I was quite disappointed by the President’s failure to implement even a rudimentary human rights agenda in Ethiopia and the rest of Africa. But I also understood that he had some fierce battles to fight domestically trying to shore up the American economy, pushing some basic social policies, fighting two wars and putting out brushfires in a conflict-ridden world. I gave the President credit for a major diplomatic achievement in the South Sudan referendum which led to the creation of Africa’s newest state. President Obama authorized the deployment of a small contingent of U.S. troops to capture or kill the bloodthirsty thug Joseph Kony and his criminal partners. He launched the kleptocracy project which I thought was a great idea. As I argued in my column “Africorruption, Inc.“, the “business of African governments in the main is corruption. The majority of African ‘leaders’ seize political power to operate sophisticated criminal enterprises to loot their national treasuries and resources.” I felt the kleptocracy project could effectively prevent illicit money transfer from Ethiopia to the U.S. According to Global Financial Integrity, Ethiopia lost US$11.7 billion to illicit financial outflows between 2000 and 2009. I gave the president high marks for working through the U.N. to pass U.N. Resolution 1973 which endorsed the effort to protect Libyan civilians and his use of NATO partners to shoulder much of the military responsibility to rid Gadhafi from Libya after 41 years of brutal dictatorship. More broadly, I give him credit for closing secret C.I.A. prisons, ending extraordinary renditions and enhanced interrogations (torture), trying to close down the detention camp in Guantánamo Bay and move trials from military tribunals into civilian courts and abide by international laws of human rights. No doubt, he has much more to do in the area of global human rights.
I believe he could have done a lot more in Africa and Ethiopia to promote human rights, but did not. I have written numerous columns over the past couple of years that have been very critical of U.S. policy. In the “The Moral Hazard of U.S. Policy in Africa“, I argued that neither the U.S. nor the West could afford to sacrifice democracy and human rights in Africa to curry favor with incorrigible African dictators whose sole interest is in clinging to power to enrich themselves and their cronies. In my column, “Thugtatorship: The Highest Stage of African Dictatorship”, I argued Africa’s thugtatorships have longstanding and profitable partnerships with the West. Through aid and trade, the West and particularly the U.S. has enabled these thugocracies to flourish in Africa. A few months ago, in my column “Ethiopia in Bond Aid,” I argued that international aid is negatively affecting Africa’s development. “Before much of Africa became ‘independent’ in the 1960s, Africans were held under the yoke of “colonial bondage”. ‘International aid’ addiction has transformed Africa’s colonial bondage into neo-colonial bondaid.” In another recent column “Ethiopia: Food for Famine and Thought!”, I criticized the G8 Food Security Summit held in Washington, D.C. this past June as a reinvention of the old colonialism: “The G-8’s ‘New Alliance’ smacks of the old Scramble for Africa. The G-8 wants to liberate Africa from hunger, famine and starvation by facilitating the handover of millions of hectares of Africa’s best land to global multinationals…”
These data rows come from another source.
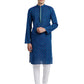 PAROKSH Men Blue & Beige Woven Design Cotton Thread Work Handloom Kurta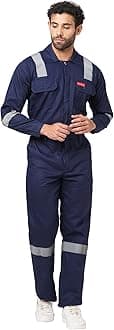 MEN'S COTTON INDUSTRIAL BOILER SUIT (COVERALLS) WITH REFLECTIVE TAPE, SIZE 40 - L, NAVY BLUE.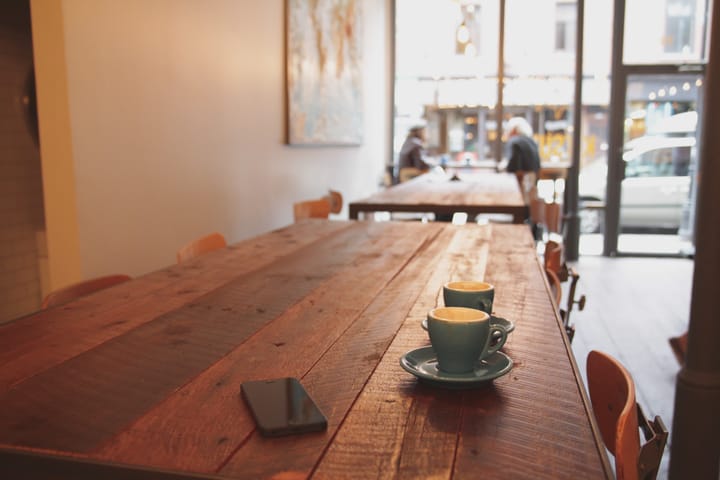 Long table with coffee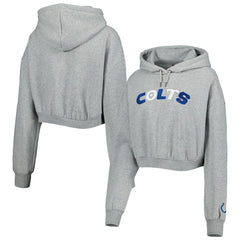 Indianapolis Colts The Wild Collective Women's Cropped Pullover Hoodie Gray - NFL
But despite disappointments, misgivings, apprehensions and concern over the Obama Administration’s failure to actively promote human rights in Ethiopia and Africa, I have supported President Obama. For all his faults, he has been an inspiring leader to me. Like many Americans, I was awed by state Senator Obama’s keynote speech at the Democratic national Convention in 2004 when he unapologetically declared: “There’s not a black America and white America and Latino America and Asian America; there’s the United States of America. There is not a liberal America. There is not a conservative America. There is a United States of America.” These words continue to inspire me to dream of the day when young Ethiopian men and women shall come together from all parts of the country and shout out and sing the words, “There is not an Oromo Ethiopia, Amhara Ethiopia, Tigrai Ethiopia, Gurage Ethiopia, Ogadeni Ethiopia, Anuak Ethiopia… There is only a united Ethiopia where ‘justice rolls down like water and righteousness like a mighty stream.’”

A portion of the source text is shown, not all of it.